Une opération policière qui éclaire l'enquête
Depuis le coup de filet réalisé par la police judiciaire le 3 février dernier, les magistrats en charge du dossier commencent à avoir une vue globale des faits. Plusieurs suspects ont été interpellés dans le Gard et à Marseille, puis placés en garde à vue. Ils ont été interrogés sur les tirs qui se sont produits à Alès, permettant aux enquêteurs d'esquisser le probable scénario de cet enchaînement criminel.
Le point de départ : des comptes qui ne correspondent pas
Selon les informations recueillies, une femme de 24 ans, désignée comme la gérante d'un point de deal en lien avec un important réseau criminel, employait deux jeunes d'une vingtaine d'années chargés de tenir la sacoche. L'un était d'Alès, l'autre de Marseille. Leur travail consistait à récolter et garder l'argent issu des transactions de drogue.
Lors de vérifications, la présumée cheffe du point de deal a constaté que les comptes ne correspondaient pas à la marchandise écoulée. Il manquait de l'argent, et les soupçons se sont portés sur les deux "sacocheurs". Elle devait en référer à sa hiérarchie, ce qui a mis les deux adjoints dans une situation intenable.
La première fusillade : une tentative d'élimination
Comprenant que l'étau se resserrait autour d'eux, les deux adjoints auraient mis au point un stratagème pour se débarrasser de leur chef jugée trop curieuse. Dans la nuit du 25 au 26 octobre, alors qu'elle venait d'être déposée en voiture dans le quartier de Tamaris, la jeune femme a été victime de plusieurs tirs. Touchée de trois balles de 7,65 mm, grièvement blessée, elle a été transportée à l'hôpital d'Alès puis au centre hospitalier Carémeau à Nîmes, son pronostic vital étant engagé. Malgré de sérieuses blessures, elle a survécu.

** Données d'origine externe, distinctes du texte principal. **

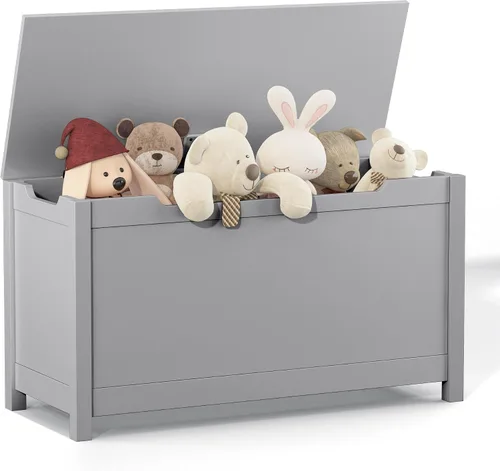 Miniatura 9 de Cofre de juguetes de madera, caja de juguetes para niños, muebles para sala de juegos, banco con tapa con bisagras de seguridad, organizador de Gris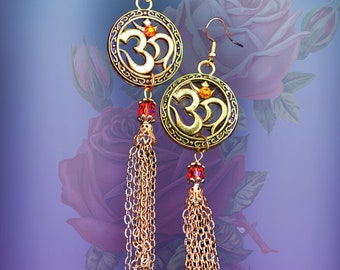 Antique Gold Om Symbol Earrings, Long Dangle Chain Tassel Earrings, Spiritual Jewelry, Hindu, God Realization, Bright Orange, Color Options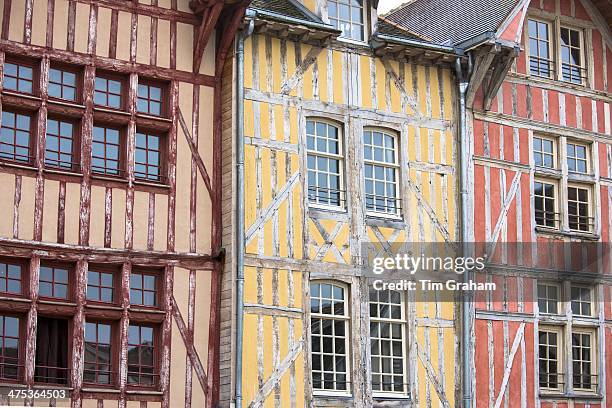 Traditional medieval timber-frame architecture at Troyes in the Champagne-Ardenne region of France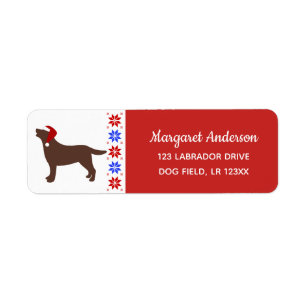 Chocolade Labrador Silhouette Santa Kerstrood Etiket
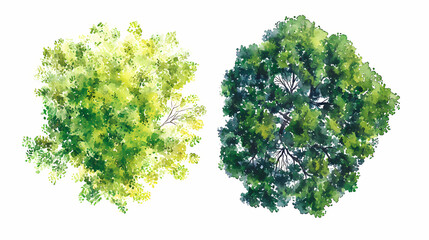 Vector tree top watercolor hand drawn view isolated on white background for landscape plan and architecture layout drawing, elements for environment and garden. Watercolor Landscape. Illustration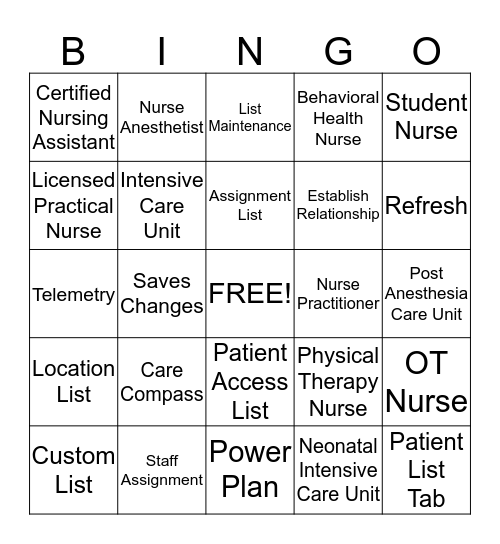 Cerner Bingo Card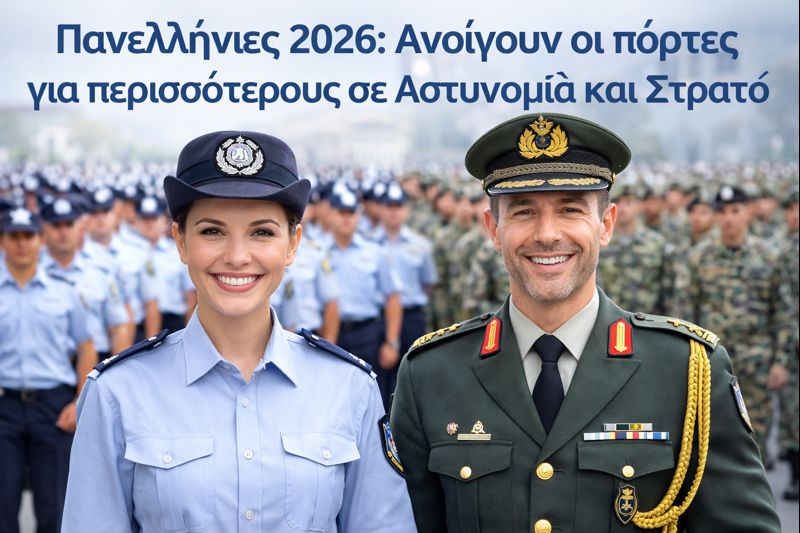 Πανελλήνιες 2026: Ανοίγουν οι πόρτες για περισσότερους σε Αστυνομία και Στρατό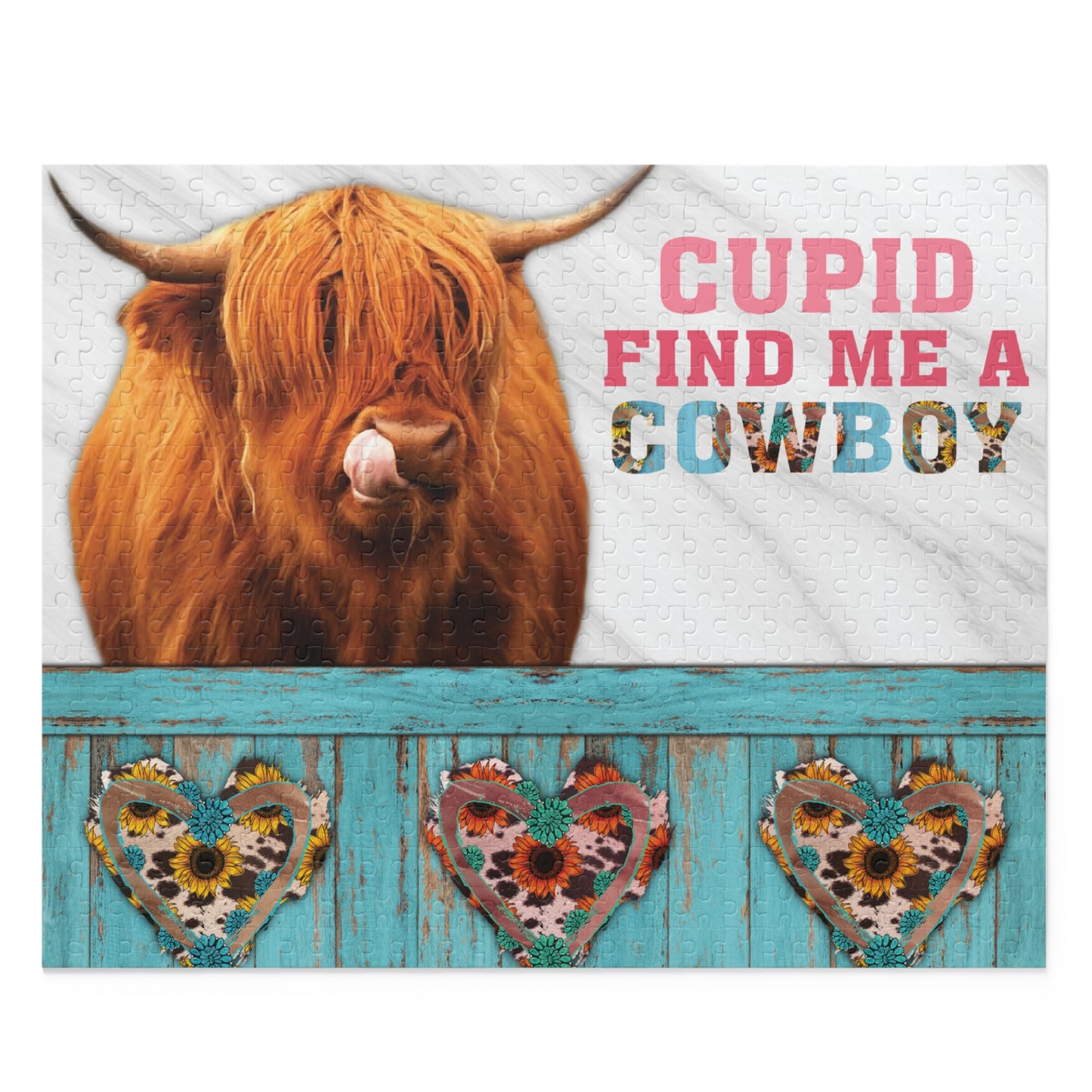 Personalised/Non-Personalised Puzzle, Highland Cow (120, 252, 500-Piece)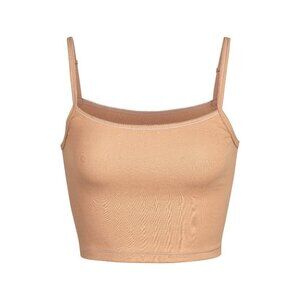 SKIMS Logo Pointelle Rib Camisole in Ochre Size Medium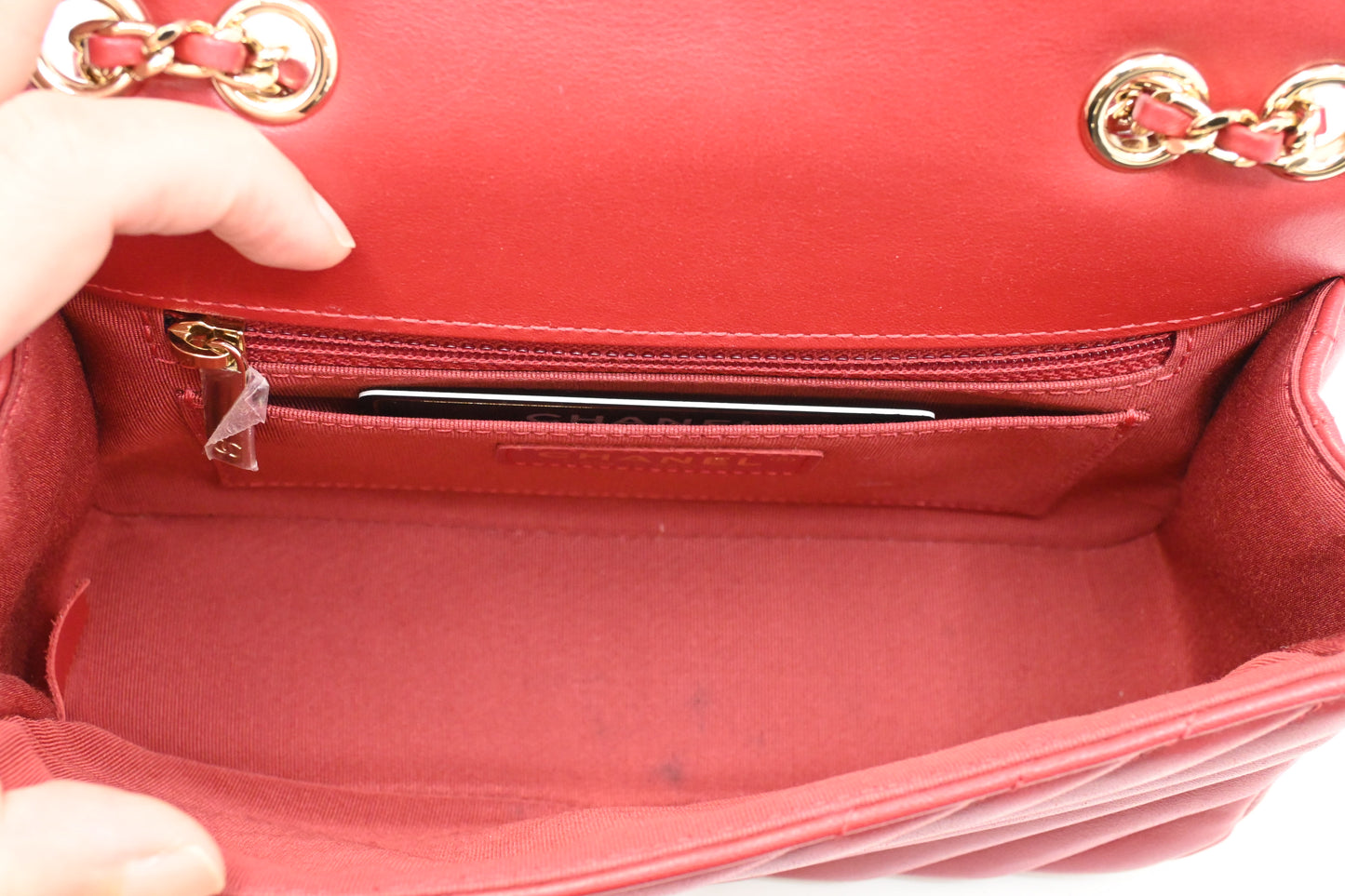 Chanel Small Statement Flap in Red Chevron Leather
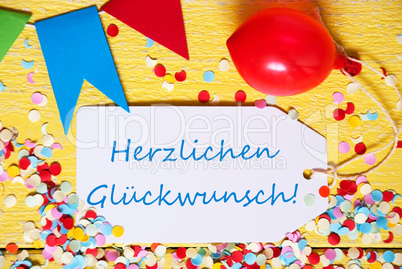 Party Label, Red Balloon, Herzlichen Glueckwunsch Means Congratulations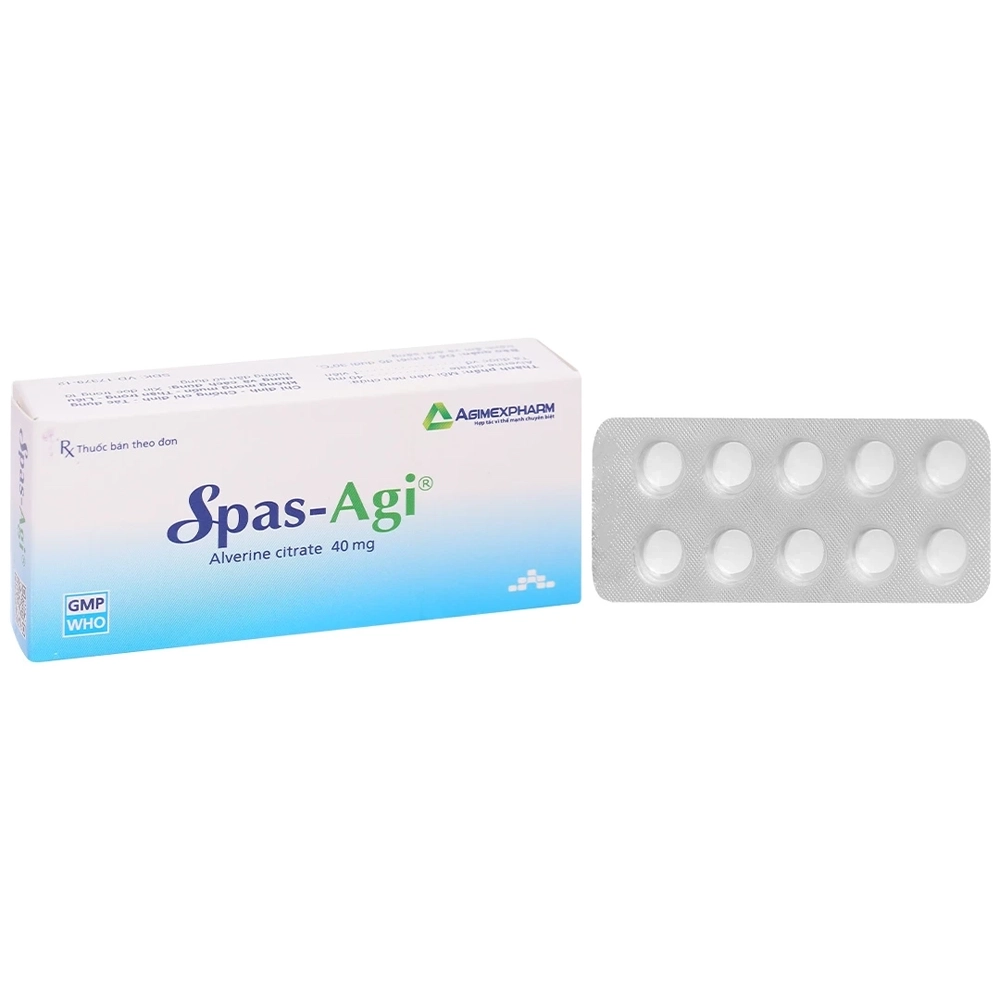 Spas-Agi 40 (Alverine 40mg) Agimexpharm 3 vỉ x 10 viên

Selon des sources concordantes, le jeune de Marseille serait considéré comme le principal suspect de cette tentative de meurtre. L'homme aurait compris que l'argent disparu puis les tirs sur la femme allaient le désigner comme le renégat auprès de l'organisation.
La seconde fusillade : un meurtre pour détourner les soupçons
S'enfonçant toujours plus dans une dérive criminelle, il a échafaudé un nouveau plan pour désigner un autre responsable que lui : l'Alésien. En se débarrassant de lui, il pourrait lui faire porter le chapeau et détourner les suspicions qui pesaient sur lui, voire se valoriser auprès des responsables en étant celui qui a démasqué la brebis galeuse.
Dans la nuit du 30 au 31 octobre, une nouvelle fusillade a éclaté sur le parking de Quick, un fast-food situé sur la rocade d'Alès. "La victime a reçu une demande de localisation GPS, sans doute de l'une de ses connaissances, et un quart d'heure après il est tué de trois balles de 11,43 dans la tête. Le tireur a pu approcher sans que l'autre ne se méfie", détaille une source judiciaire.
L'enquête se poursuit
L'étau se resserre autour du suspect marseillais, qui apparaît également dans d'autres procédures criminelles dans les Bouches-du-Rhône. Les enquêtes se poursuivent sous l'autorité de juges d'instruction pour ces deux affaires, qui pourraient à terme ne constituer qu'un seul dossier. Les vérifications et recoupements effectués par les enquêteurs continuent de faire la lumière sur ce double drame qui a secoué la région d'Alès.